*BRIEF*
Would you write out the full listing exactly, without any pictures?

*COLLECTED MATERIAL*
· · ·

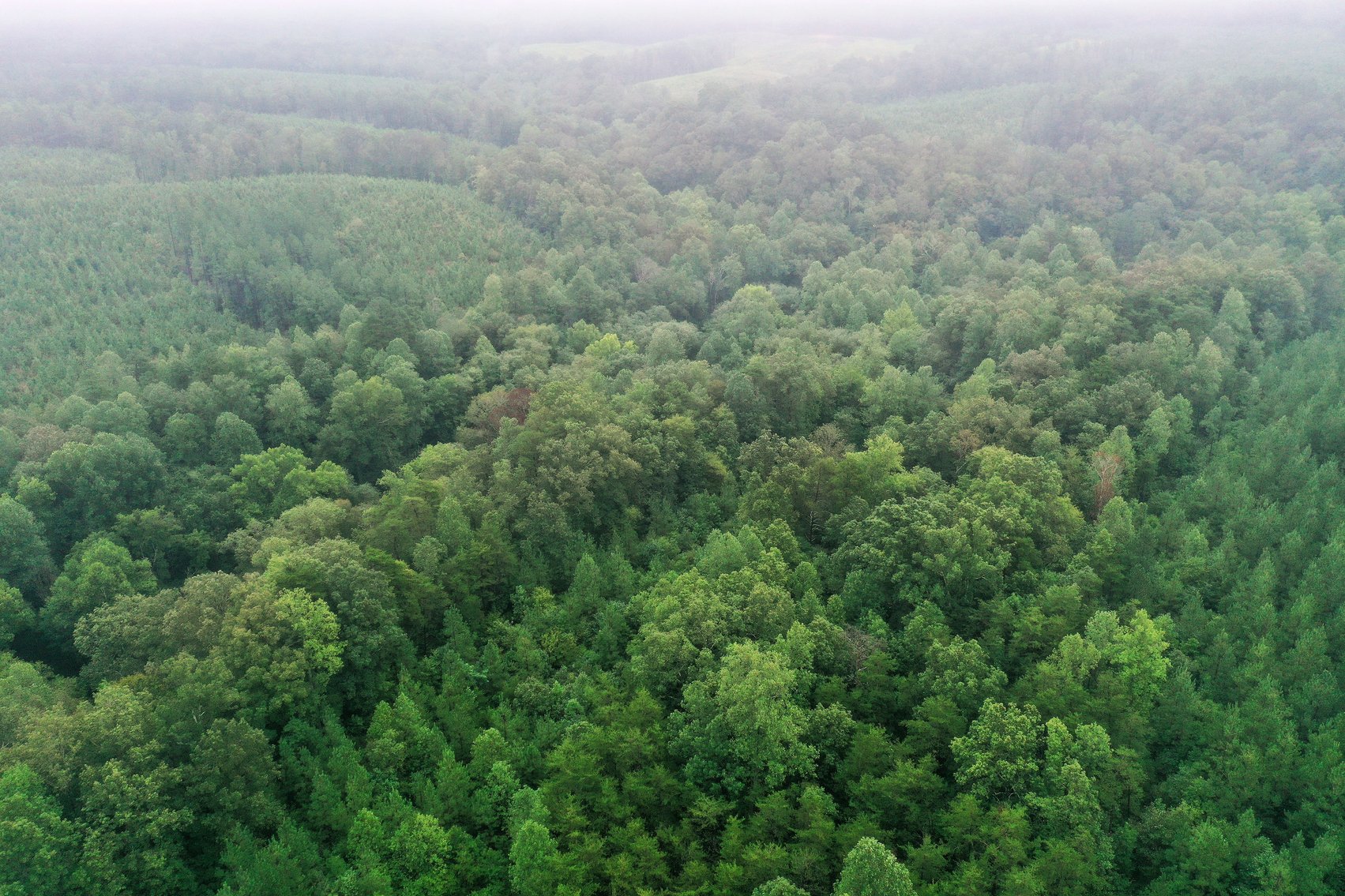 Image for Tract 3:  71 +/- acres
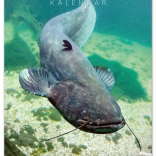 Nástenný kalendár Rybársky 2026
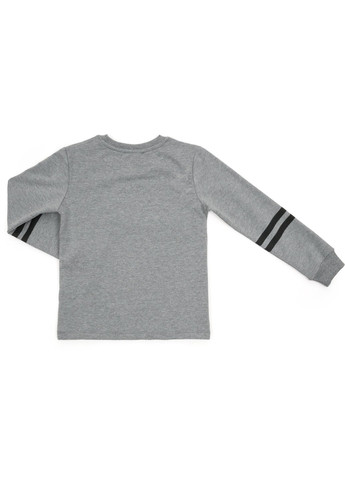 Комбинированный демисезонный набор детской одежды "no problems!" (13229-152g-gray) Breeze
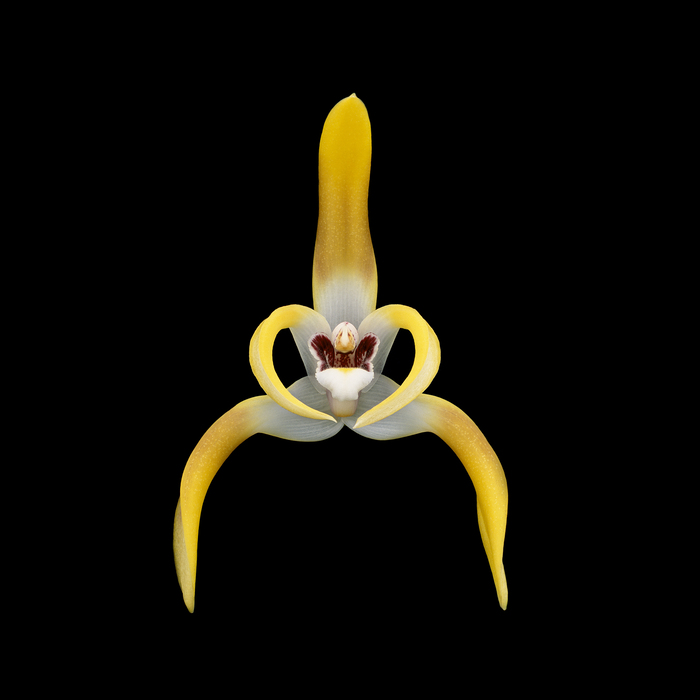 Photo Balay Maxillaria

· · ·

*TASK SOLUTION*
 Image for Tract 3:  71 +/- acres
 Nástenný kalendár Rybársky 2026
 Комбинированный демисезонный набор детской одежды "no problems!" (13229-152g-gray) Breeze
 Photo Balay Maxillaria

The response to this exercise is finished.